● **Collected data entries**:
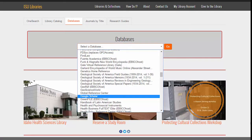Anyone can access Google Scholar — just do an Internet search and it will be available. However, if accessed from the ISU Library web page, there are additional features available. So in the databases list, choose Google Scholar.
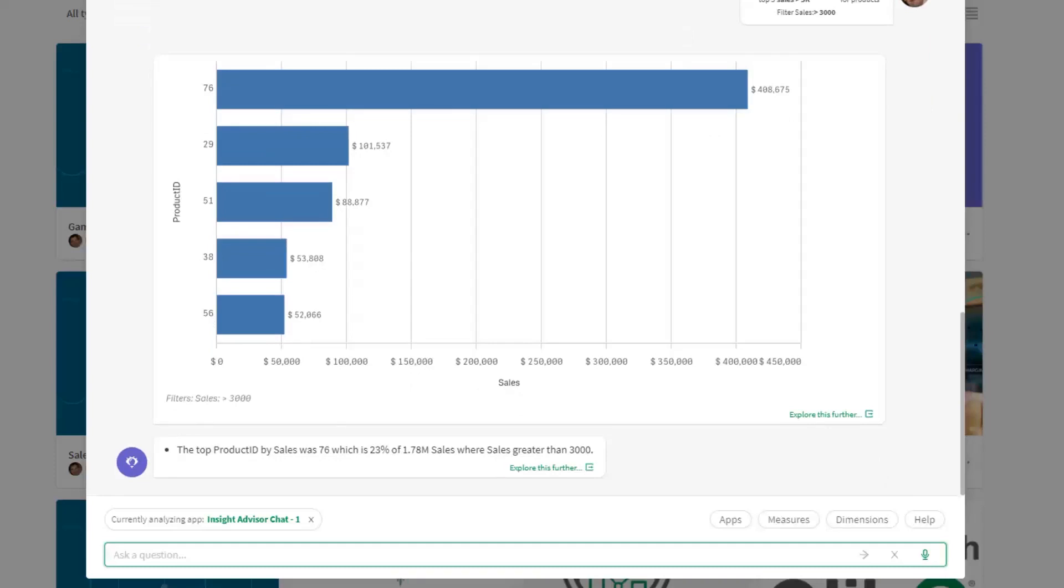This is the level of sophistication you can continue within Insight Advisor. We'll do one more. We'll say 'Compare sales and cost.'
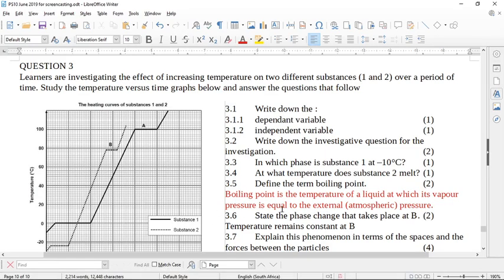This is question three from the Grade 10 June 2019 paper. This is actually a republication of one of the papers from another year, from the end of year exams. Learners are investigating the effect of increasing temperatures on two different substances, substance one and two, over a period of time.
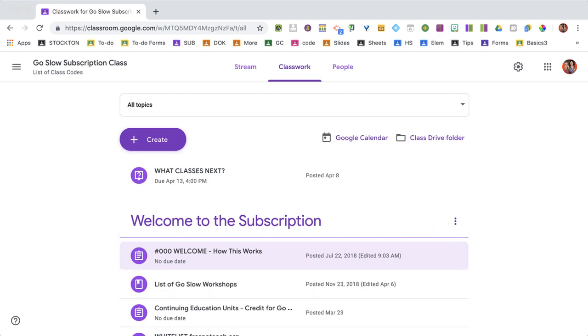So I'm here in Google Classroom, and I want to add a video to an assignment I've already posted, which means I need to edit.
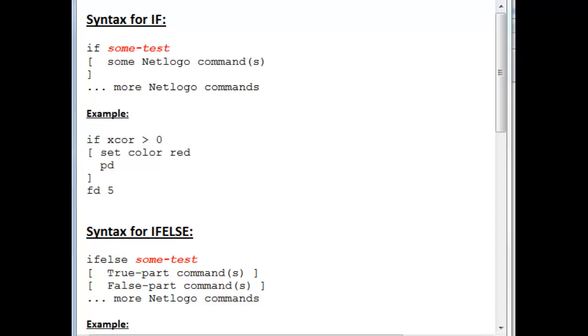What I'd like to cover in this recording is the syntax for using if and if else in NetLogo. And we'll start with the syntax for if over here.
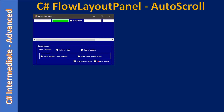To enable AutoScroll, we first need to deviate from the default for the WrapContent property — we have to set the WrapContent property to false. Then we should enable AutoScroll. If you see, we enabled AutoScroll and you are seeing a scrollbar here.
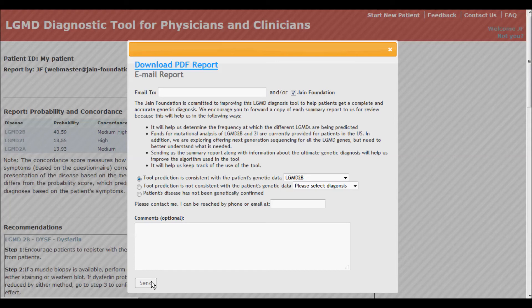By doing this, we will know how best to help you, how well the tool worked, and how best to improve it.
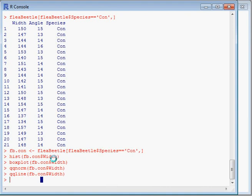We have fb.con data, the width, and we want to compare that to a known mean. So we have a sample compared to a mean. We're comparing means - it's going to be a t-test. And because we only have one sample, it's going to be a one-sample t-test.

● **What you should do**: Write out exactly the lines from the line holding "This is the" through the last line of the records above, inclusive, and nothing more. Leave out the pictures.

● **Response to the exercise**:
This is the level of sophistication you can continue within Insight Advisor. We'll do one more. We'll say 'Compare sales and cost.'
This is question three from the Grade 10 June 2019 paper. This is actually a republication of one of the papers from another year, from the end of year exams. Learners are investigating the effect of increasing temperatures on two different substances, substance one and two, over a period of time.
So I'm here in Google Classroom, and I want to add a video to an assignment I've already posted, which means I need to edit.
What I'd like to cover in this recording is the syntax for using if and if else in NetLogo. And we'll start with the syntax for if over here.
To enable AutoScroll, we first need to deviate from the default for the WrapContent property — we have to set the WrapContent property to false. Then we should enable AutoScroll. If you see, we enabled AutoScroll and you are seeing a scrollbar here.
By doing this, we will know how best to help you, how well the tool worked, and how best to improve it.
We have fb.con data, the width, and we want to compare that to a known mean. So we have a sample compared to a mean. We're comparing means - it's going to be a t-test. And because we only have one sample, it's going to be a one-sample t-test.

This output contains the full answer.